Al says his father prevented such gruesome infestations in their yard down South by carefully hosing down each tree or shrub and then dusting them all with pesticide he'd tied into an old sock, slowly walking among them banging the Sock of Death in one hand against the palm of the other. His father's still alive at 92, and his mother too.
I imagine in their new married life, forgetting their human vulnerability didn't come so easily to either of them.
I watched Al prepare for the spraying. Watched his careful, calm approach -- the way he measures once, twice, sometimes three times to get things right. Al's approach to projects has both dazzled me and driven me to distraction since I've known him. He's a cautious planner-ahead, deliberating over each step and moving slowly, gracefully, (agonizingly), through a task to its perfect end. He took a metal measuring cup, a disposable plastic cup and a pen, and using the measuring cup filled with water, he measured and marked from 1 to 9 ounces up the side of the plastic cup, so he'd have a cup he could use to mix the right amount of pesticide into the water in the sprayer. He'd stood for a moment in the kitchen, thinking, before he started.
I'm the opposite - I start in the middle, without reading directions, without measuring. I'm impatient and easily frustrated - done with a task in my mind and long gone, off to the next one often before I've started the first. I imagine my approach looks crazy and reckless to him, and perhaps makes him a little crazy, as well. But I told him Saturday, as I watched his step-by-cautious-step work to kill those lousy beetles, "I love the way you do things." (Because I do, when I think about it.) He looked up from his measuring and marking with a puzzled smile, "What do you mean?"
"I mean how carefully and thoughtfully you go through your process, so you get it right. You know how I am - I'm more of a badda bing, badda bang, badda boom and we're done kinda person. The planning and tedious details make me nuts. I learn a lot by watching you."
"Yeah. But there are benefits to your way, too. You get a lot of stuff done."
He went quietly about his work.
Next morning we drove out dusty country roads to breakfast, remarking on the bug-eaten landscape as we passed, Bean behind us in her seat, listening.

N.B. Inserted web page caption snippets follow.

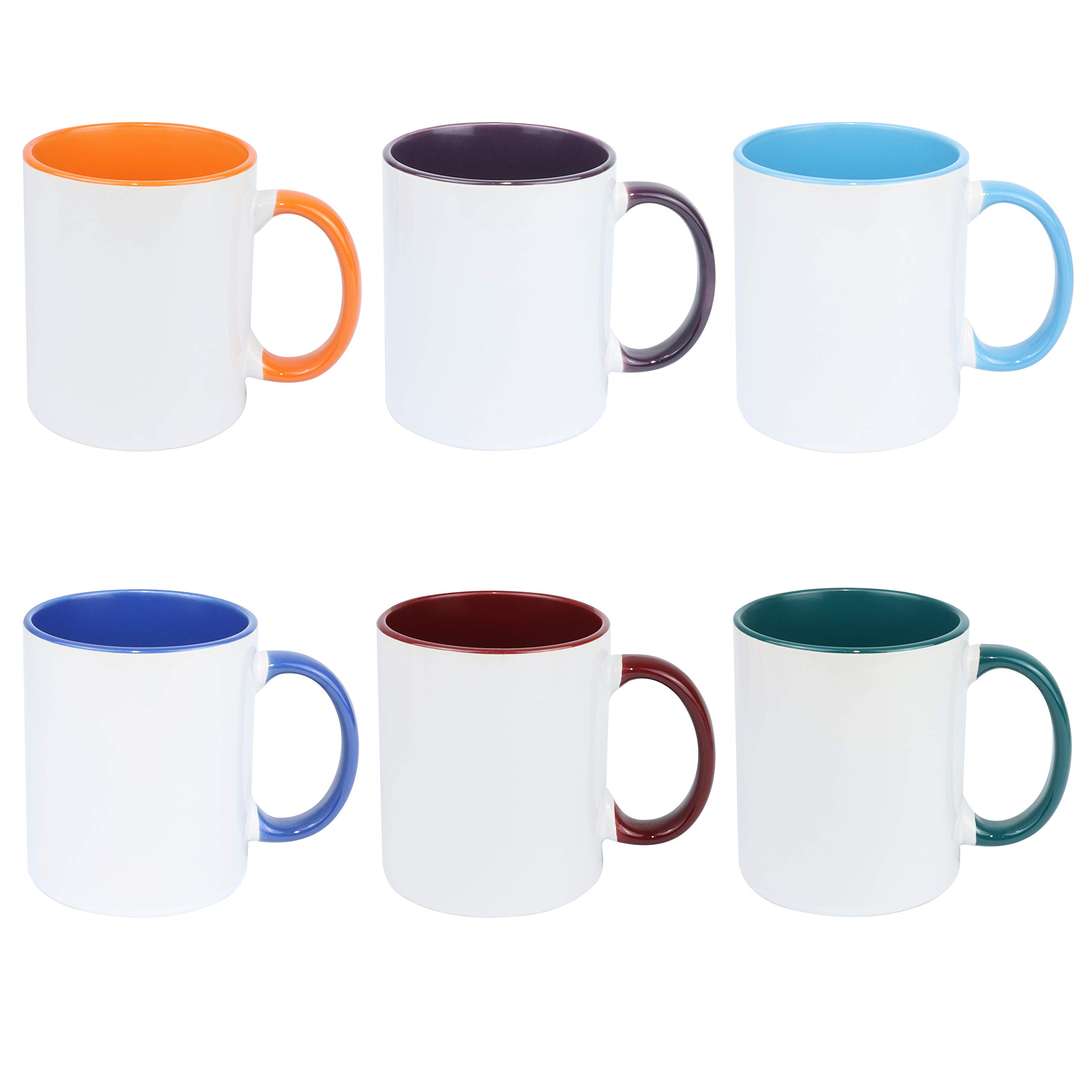 Amazon.com: HomeVss 11oz White Ceramic Sublimation Coffee Mug With Solid  Colors Inside and Handle, Mixed 6 Colors Option #2 of Blue, Dark Red,  Hunter Green, Orange, Purple and Turquoise, Case of 6 :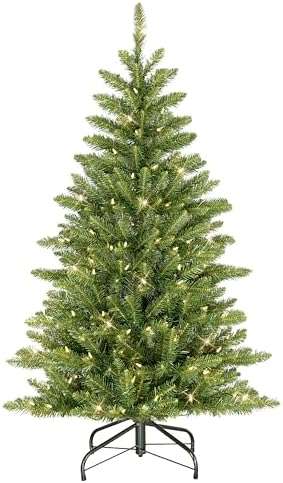 Puleo International 7.5ft Pre-Lit Slim Fraser Christmas Tree with 500 Warm White LED Lights, 1453 Realistic Dense Branch Tips, Easy Setup Artificial Trees with Sturdy Metal Stand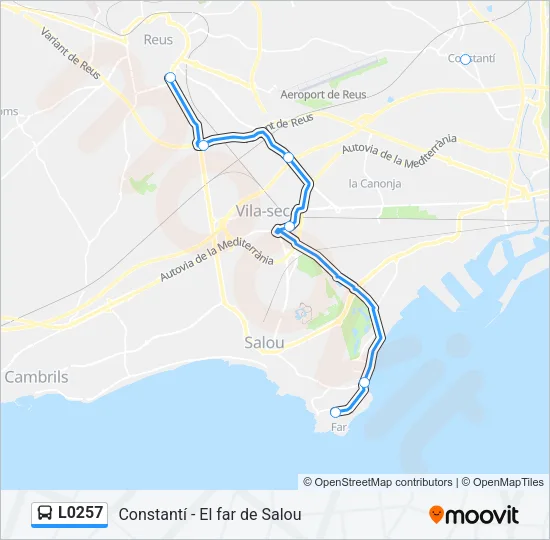 L0257 Bus Line Map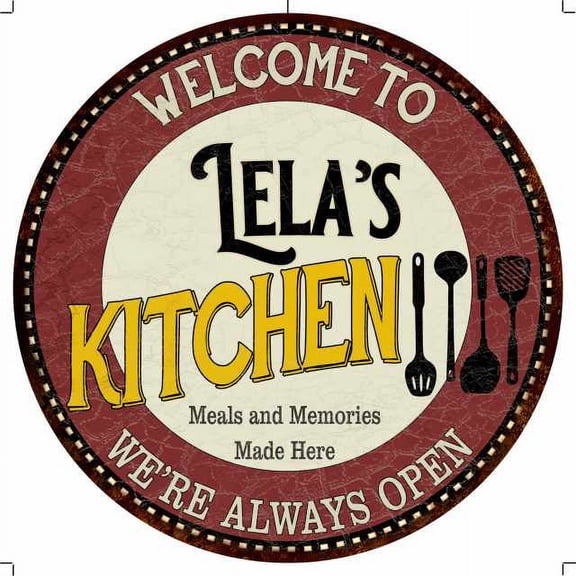Lela's Kitchen 12" Round Metal Sign Bar Game Room Wall Déco 200120040487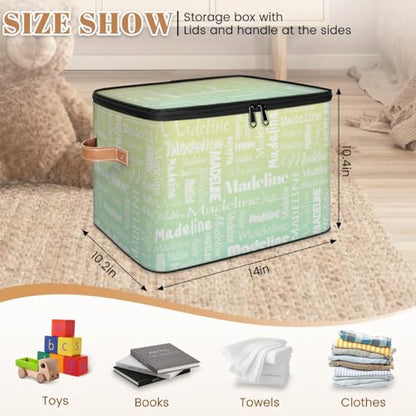 Storage Basket Custom Name, Personalize Keepsake Box, Yellow Green | Foldable Fabric Gradient Large Memory Bin with Handle Lid Lightweight Waterproof Dustproof, 14"L x 10.2"W x 10.4"H - color: Option 25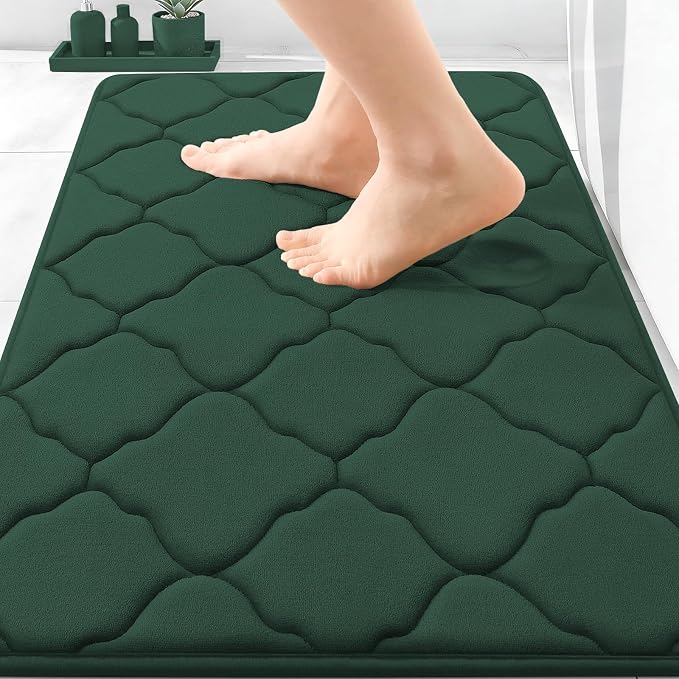 OLANLY Memory Foam Bath Mat Rug 30x20, Ultra Soft and Absorbent Bathroom Rugs, Non-Slip, Comfortable, Machine Washable Bath Carpet for Bathroom Floor, Tub Shower and Home Decor Accessories, Dark Green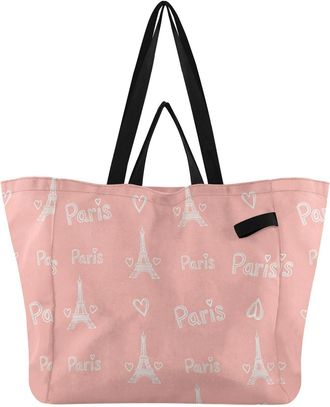 Generic Paris Pink Eiffel Tower print Reusable Canvas Tote Bag, Heavy Duty Grocery Shopping Bag with Double Handles Hard Bottom Large Capacity Work Groceries 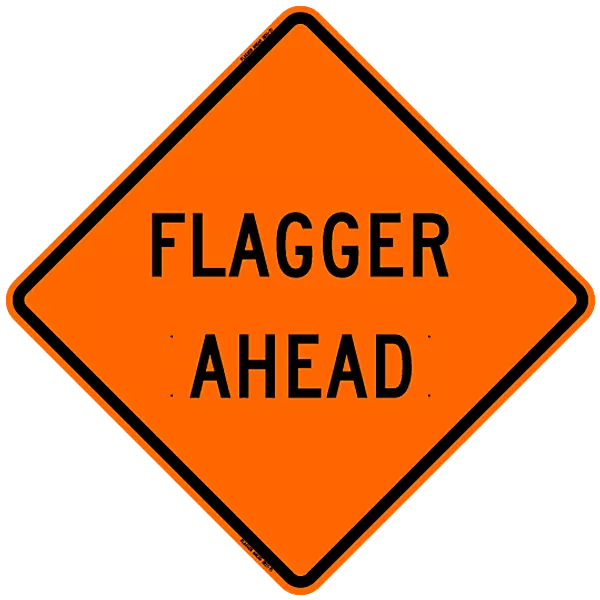 Flagger Ahead Safety Roadside Roll-Up Sign with Frames - 36 Inch Sign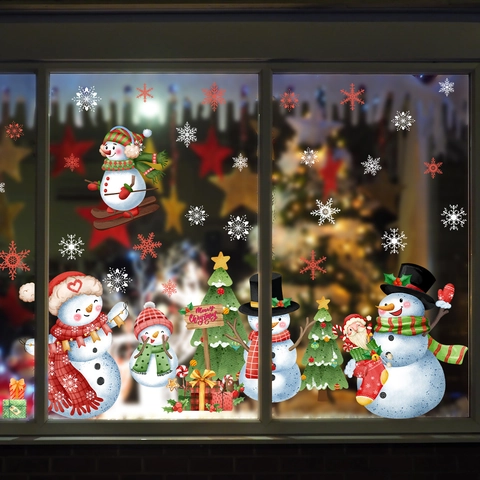 Christmas Window Stickers Snowman Snowflakes Tree Double Sided Static Cling PVC Festive Holiday Glass Decals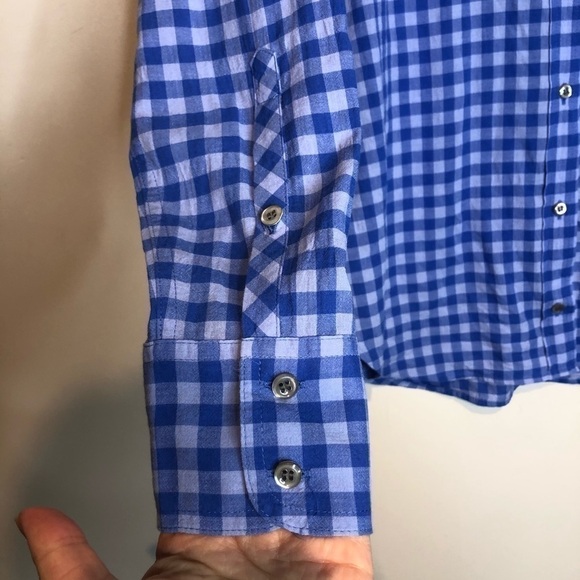 J. Crew Crinkle Gingham Boy Shirt Blue Plaid, size 00 - Picture 4 of 9
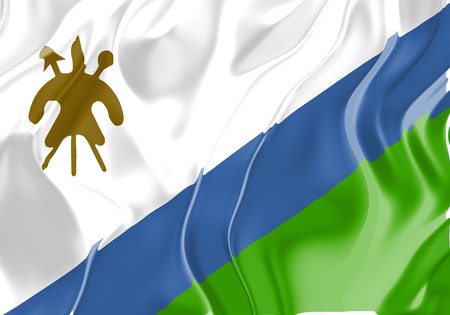 Flag of Lesotho, national country symbol illustrationの写真素材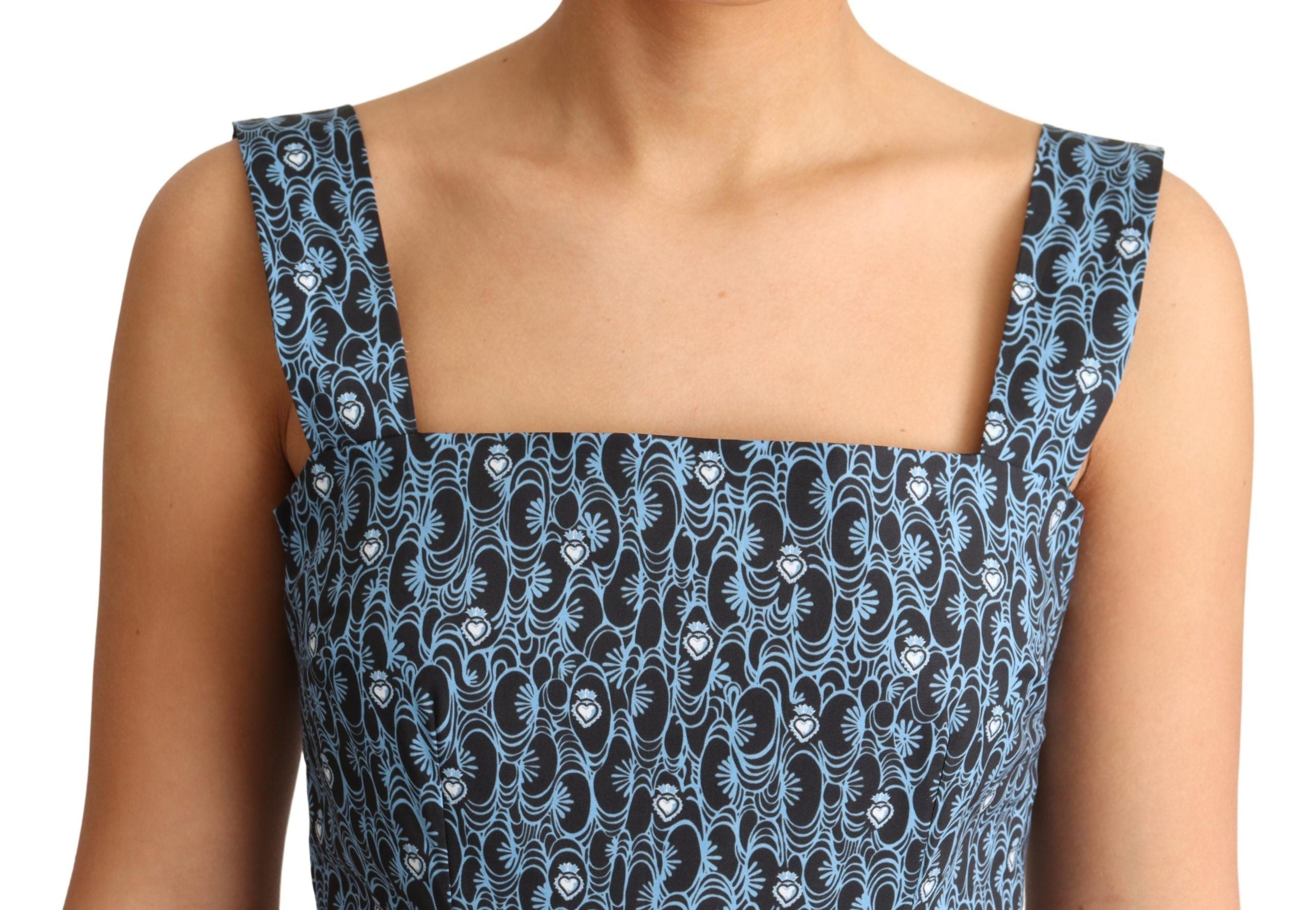 Dolce & Gabbana Elegant Sleeveless A-line Blue Heart Women's Dress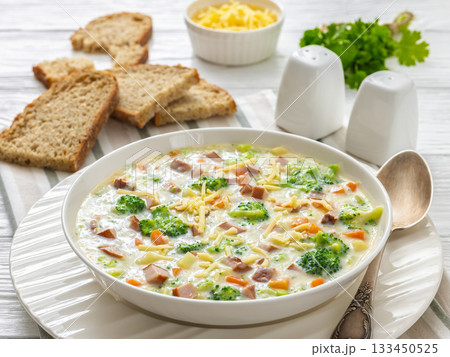 Sausage Vegetable Chowder, tasty thick creamy soup 133450525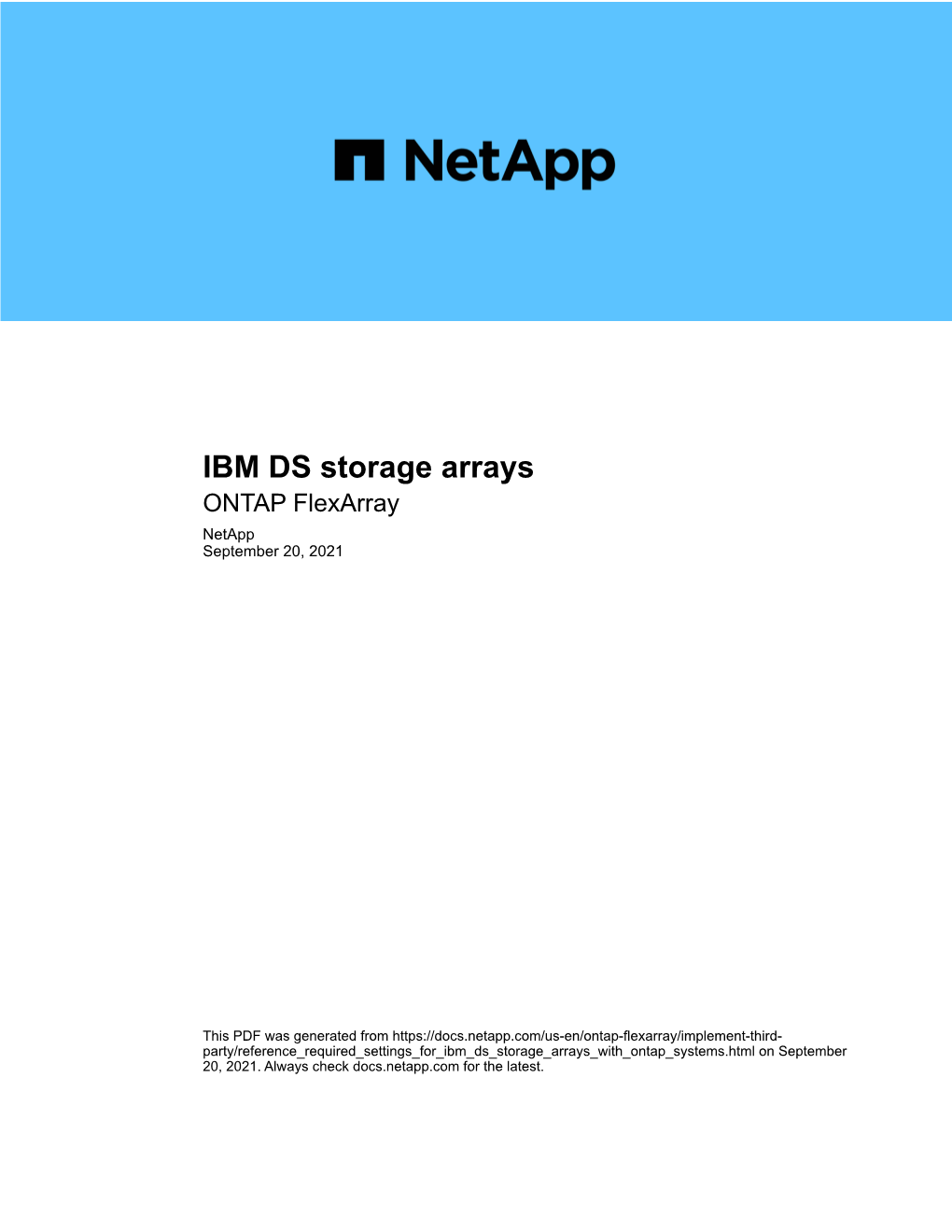 IBM DS Storage Arrays : ONTAP Flexarray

"My dad wasn't a patient project guy," Al said, seemingly out of the blue.
"No? But he was a tradesman - he couldn't afford to do a bad job, could he?"
"He did a good job. He did things almost innately, though, he'd done it all so many times it was second nature to him. But if you worked with him, he was impatient and annoyed if you had to think about things."
"Oh. What about your Mom?"
"She was more like me. Slow, patient, laid-back."
"That's where you got it."
"There are benefits to both ways, as you've said."